Cartoon Network’s Adult Swim segment has a long, proud tradition of imaginative April Fool’s Day shenanigans. This year, with fans anticipating the second season of Smiling Friends, the network surprise-dropped the season premiere after airing three episodes of the first season that had been entirely remade. Each first-season remix episode used the original audio and drawn backgrounds, but with Adult Swim executive Jacob Escobedo’s team reenacting the plots with puppet versions of the characters.
That’s already an extraordinary amount of work to put in just for a gag, but they went one step further by making different puppets for each episode — one uses Muppet-style fabrications, the next simpler sock puppets interacting with live-action performers, and the third detailed papier-mâché puppets.
That level of effort suits Smiling Friends, created by Zach Hadel and Michael Cusack, which with its first season drew in a cult audience that’s been eagerly awaiting the follow-up (myself included). While the field of strange, caustic, random, violent, foul-minded adult cartoons is crowded nowadays, the series distinguishes itself through some truly inspired use of different animation styles, often freely mixing and matching them.
The Smiling Friends are a group dedicated to brightening up their customers’ days. Unfortunately, they live in a bizarre, frequently disturbing world whose denizens tend to be afflicted with emotional issues way above the paygrade of the upbeat Pim (Cusack) and slacker Charlie (Hadel). They do their best regardless, often going on unanticipated adventures and odd tangents in the process.

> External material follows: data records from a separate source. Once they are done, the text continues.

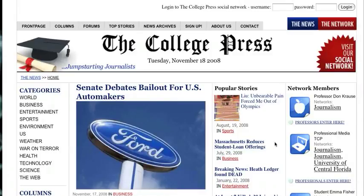This video tutorial will show you where and how to sign in to our College Press Network. Now there are two areas, only two, to log in with your account information.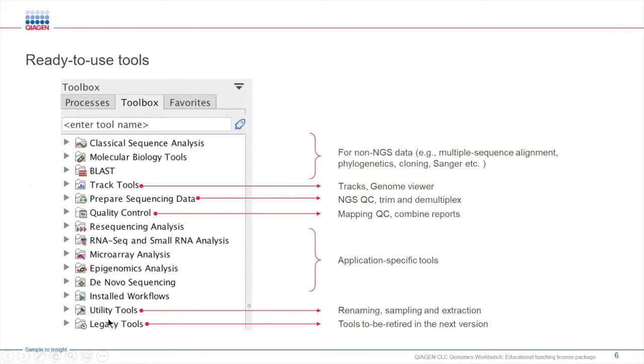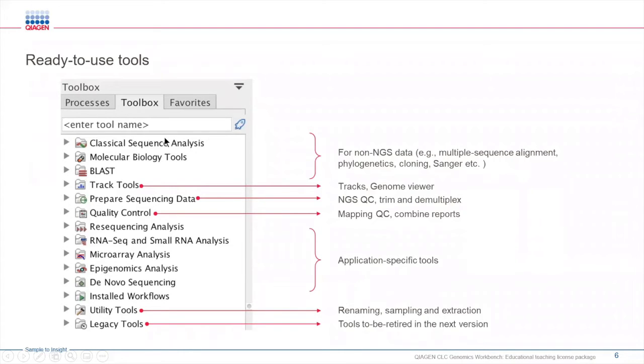In the bottom you will also see that we have a legacy folder in which you will find a wide variety of tools that are flagged to be retired for our next version. The Workbench is designed for those with non-informatics background and makes finding tools for specific applications really easy to do.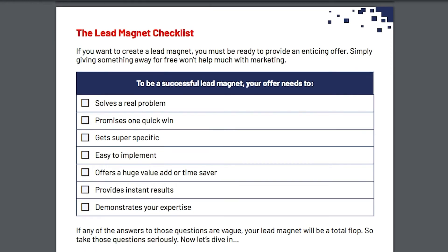Checklists are among the most effective lead magnets — they are actionable, quick and easy to read, and also easy to make. Beginners are usually interested in checking off steps or bullet points before, say, starting their brand or business, or even setting up an ad campaign. It prevents them from making mistakes or missing important steps. Checklists are one of the best lead magnets in my opinion.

The pilot, for instance, sees Pim and Charlie attempt to cheer up Desmond, who has suicidal thoughts and never stops pointing a gun at his own temple, while Smiling Friends headquarters is overrun with small purple vermin called bliblies. (The two plots converge at the end with Desmond shooting a bliblie, which gives him a new lease on life.) Another episode follows the Friends’ attempts to redeem canceled celeb Mr. Frog, who cannot control his impulses to do massive quantities of drugs, randomly maim strangers, or worse.

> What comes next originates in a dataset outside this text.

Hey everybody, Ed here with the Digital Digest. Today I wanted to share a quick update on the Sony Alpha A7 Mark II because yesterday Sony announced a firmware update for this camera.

Such descriptions might not make Smiling Friends seem too distinct from the general anarchic mischievousness of so many Adult Swim shows, a sensibility pioneered by the programming block’s early hits like Aqua Teen Hunger Force. But absolutely nothing on television looks like this. Just start with the character designs. The Smiling Friends — Pim, Charlie, Allan (also Cusack), and Glep (also Hadel) — are drawn simply, emphasized by roundness and each sporting a different vivid color (Pim is pink, Allan is red, and so on). But this is not the “rule” for the aesthetic of the show, and there’s no telling how someone else might look.
The Smiling Friends’ boss, Mr. Boss (Marc M) looks more like a human, but with a disconcertingly large head and so, so many wrinkles. When he talks and moves, the wrinkles deepen and his face assumes different rictus-like expressions. He’s creepy just to watch, which is of course also very funny. Desmond is a grotesque, a human droop whose dourness is often enhanced by deep shadows. Each episode is filled with both major and minor figures who have been imagined with similar vividness.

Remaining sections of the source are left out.